Your instructions: Output the entries below word for word, stopping once the line containing "Thùng đá nhựa" is done, and omit each picture.
+++ Material for this exercise
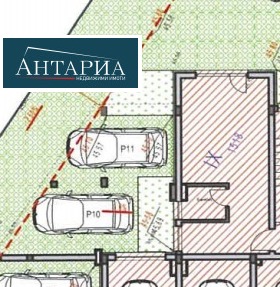 ������� 1-����� | Imot.bg � ����� ������ 2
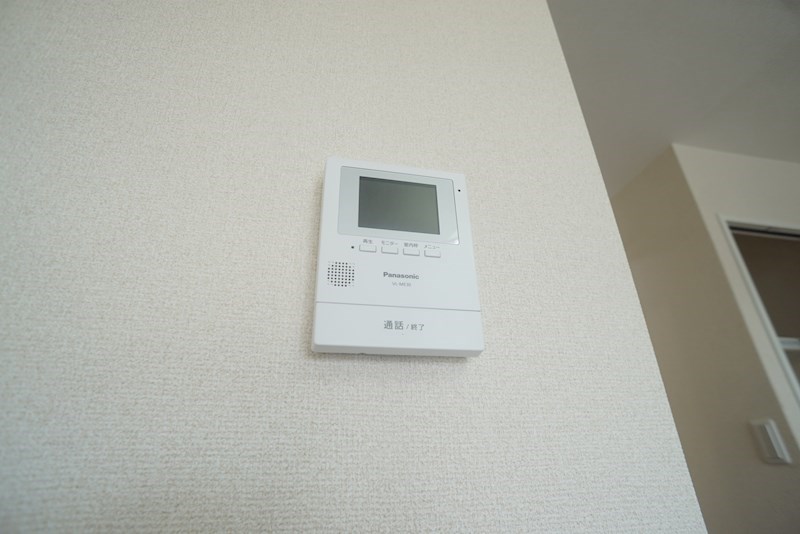 セカンドハウス８８　Ｂ棟 その他3
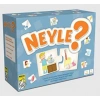 Neyle ?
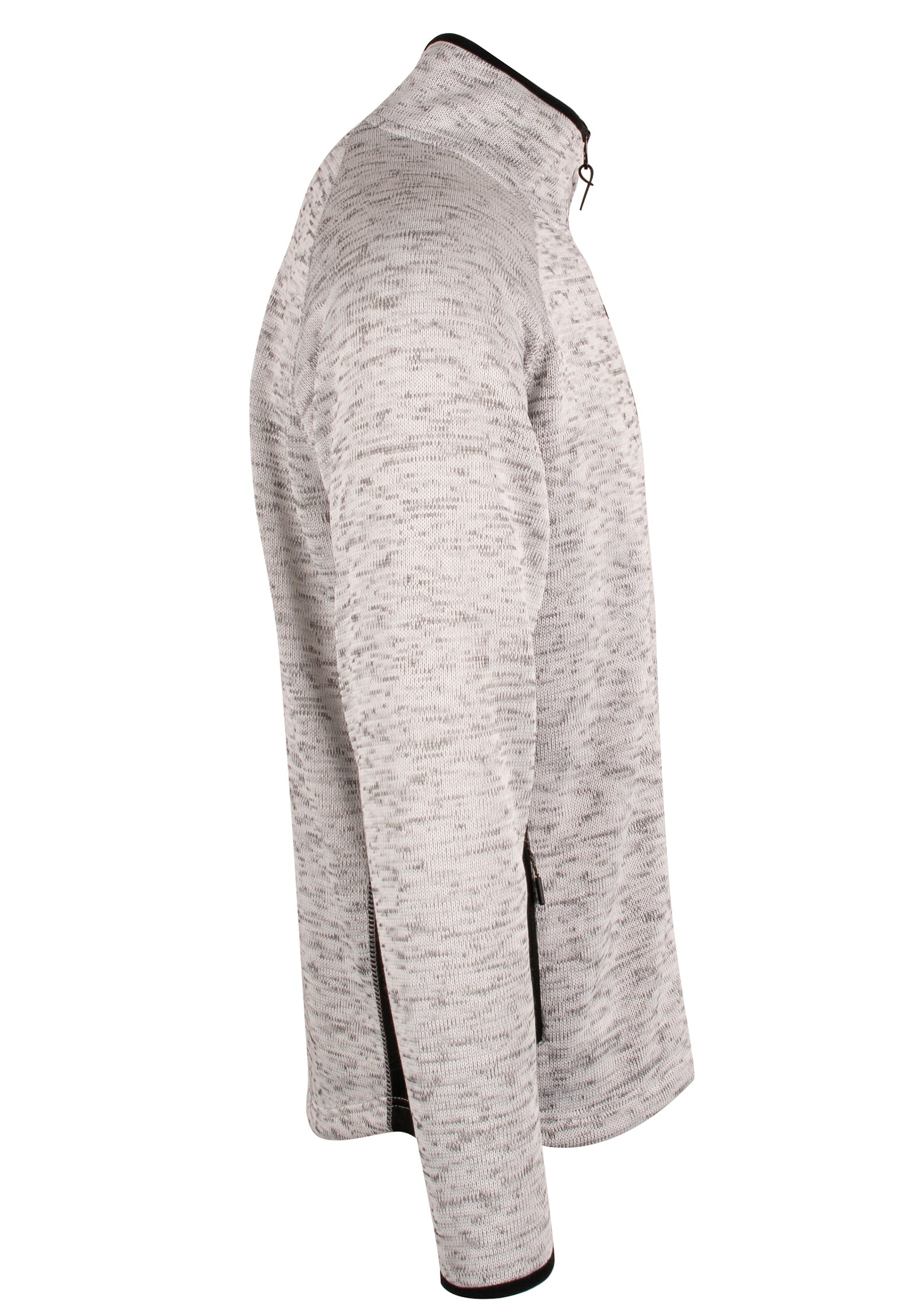 Essential unisex - N86I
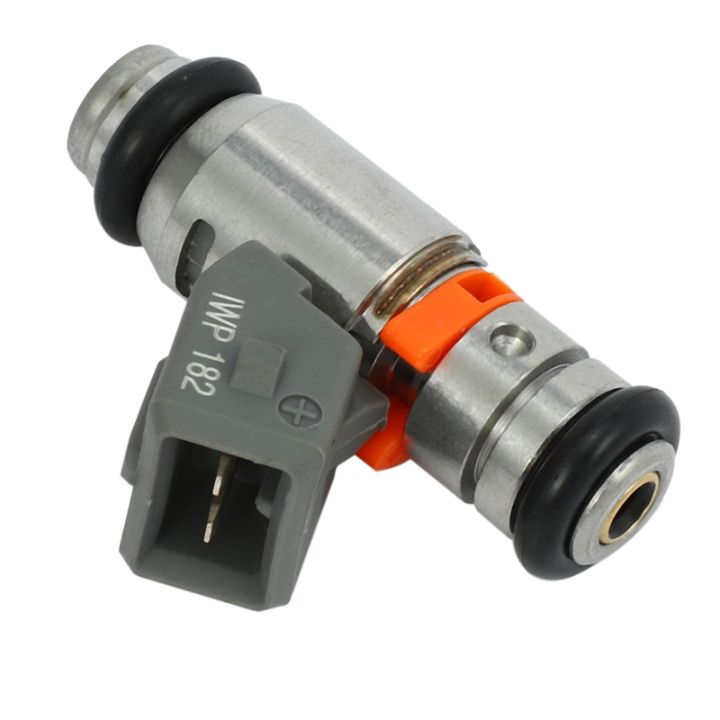 automotive-fuel-injector-nozzle-for-piaggio-gilleh-vespa-pi8732885-gts250-300-iwp-182-iwp182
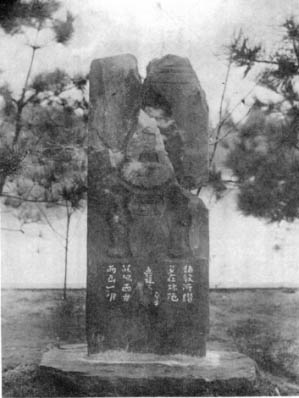 e0018762_151054.jpg
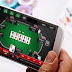 Tải game bài đổi thưởng phiên bản mới nhất 2019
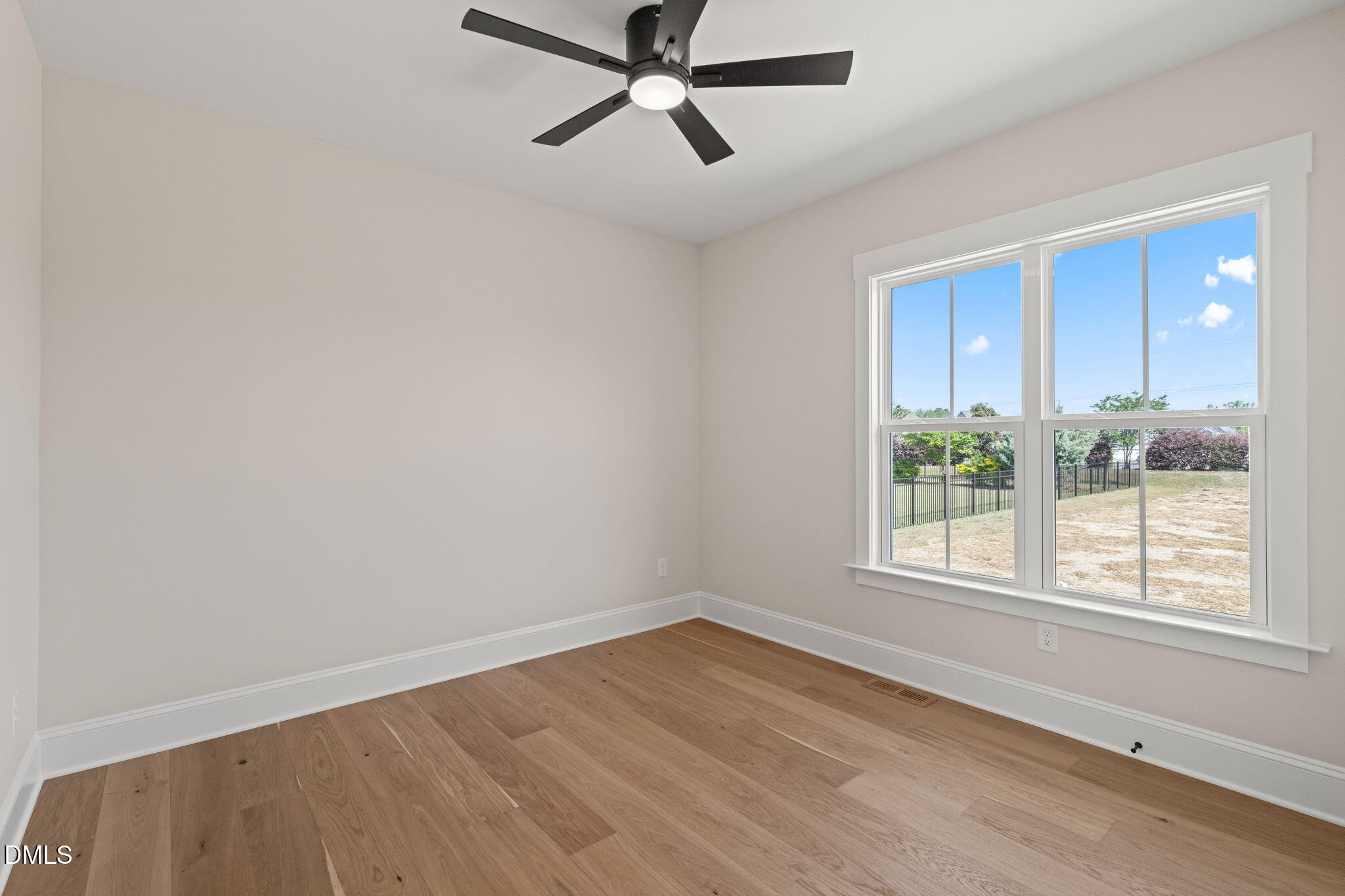 85 Constitution Avenue Property Photo 34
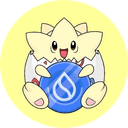 TOGEPI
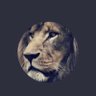 محمد يوسف profil fotoğrafı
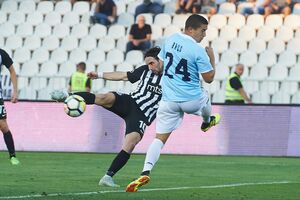 Marko Janković operisan u Minhenu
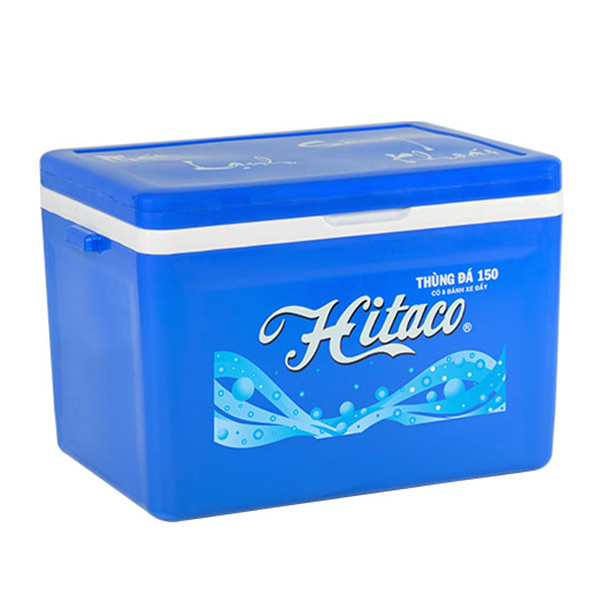 Thùng đá nhựa 150 lít xanh dương thung-da-nhua-150-lit-xanh-duong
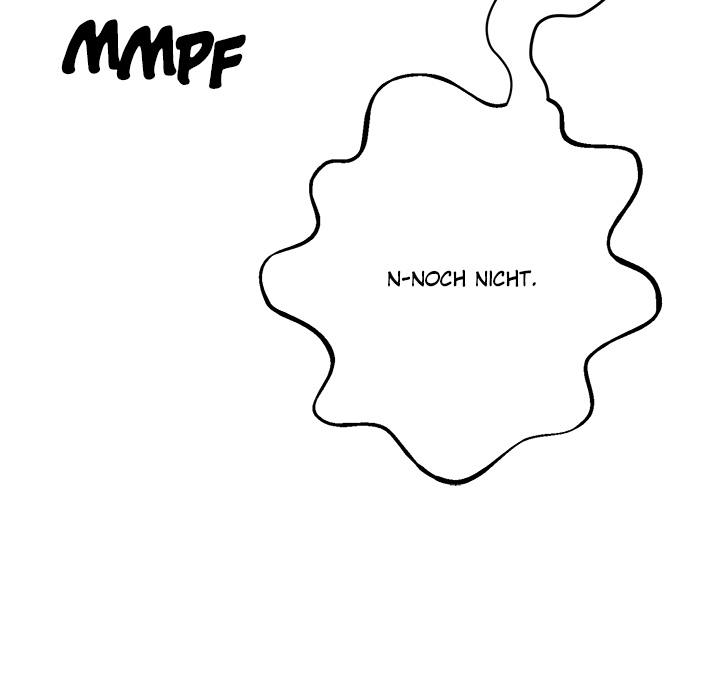 Mein Mafia Mäuschen - episode 14 - 100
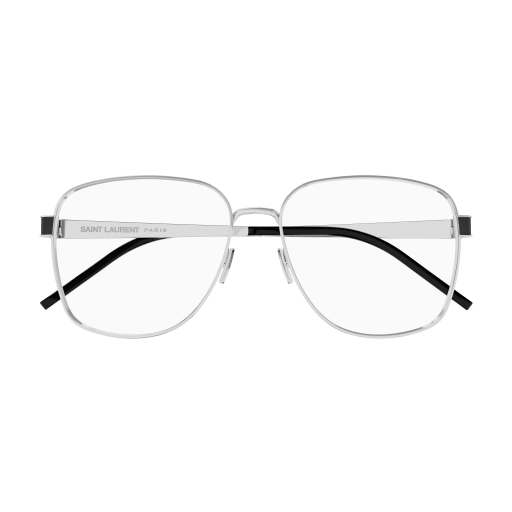 Saint Laurent Eyeglasses SL M134 002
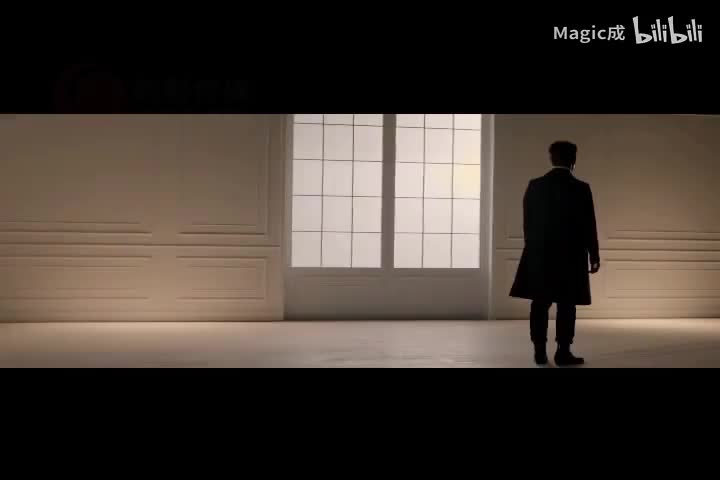 为了遇见你_杨宗纬&戚薇_国语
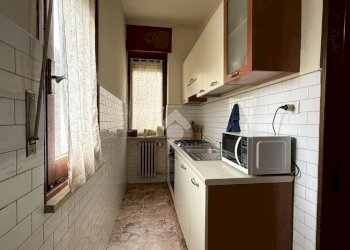 Semi-detached house Regione Rocchea, Canelli - photo 12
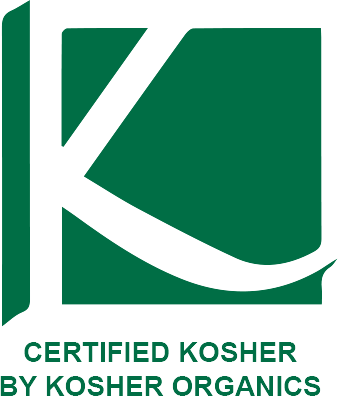 kosher organics.png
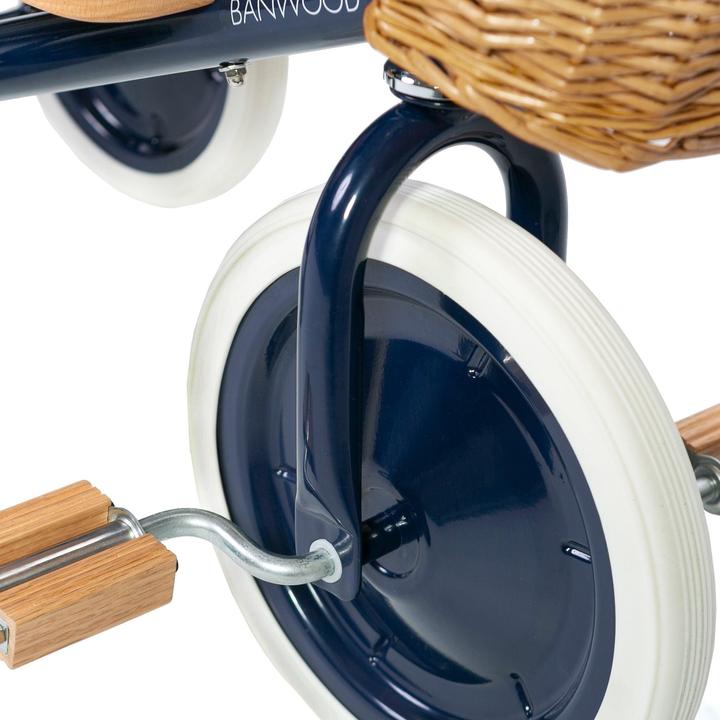 Actual product image Banwood Trike Tricycle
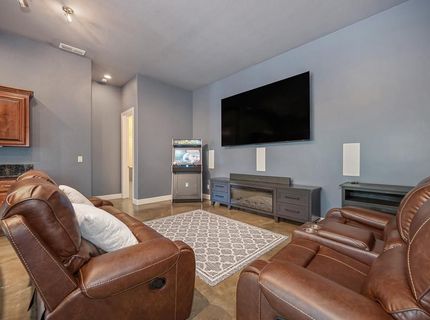 10205 Sunrise Vista, Auburn, CA 95603 Photo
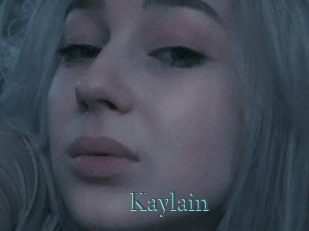 Kaylain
++++++
Problem solution:
 ������� 1-����� | Imot.bg � ����� ������ 2
 セカンドハウス８８　Ｂ棟 その他3
 Neyle ?
 Essential unisex - N86I
 automotive-fuel-injector-nozzle-for-piaggio-gilleh-vespa-pi8732885-gts250-300-iwp-182-iwp182
 e0018762_151054.jpg
 Tải game bài đổi thưởng phiên bản mới nhất 2019
 85 Constitution Avenue Property Photo 34
 TOGEPI
 محمد يوسف profil fotoğrafı
 Marko Janković operisan u Minhenu
 Thùng đá nhựa 150 lít xanh dương thung-da-nhua-150-lit-xanh-duong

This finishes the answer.